>>>

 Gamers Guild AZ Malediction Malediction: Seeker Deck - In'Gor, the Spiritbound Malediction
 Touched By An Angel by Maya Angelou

<<<
>>>

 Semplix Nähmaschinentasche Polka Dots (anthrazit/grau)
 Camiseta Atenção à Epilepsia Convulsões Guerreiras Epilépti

<<<

From the records above, transcribe without alteration every line from the one with "Semplix Nähmaschinentasche Polka" to the one with "Camiseta Atenção à", inclusive.

 Semplix Nähmaschinentasche Polka Dots (anthrazit/grau)
 Camiseta Atenção à Epilepsia Convulsões Guerreiras Epilépti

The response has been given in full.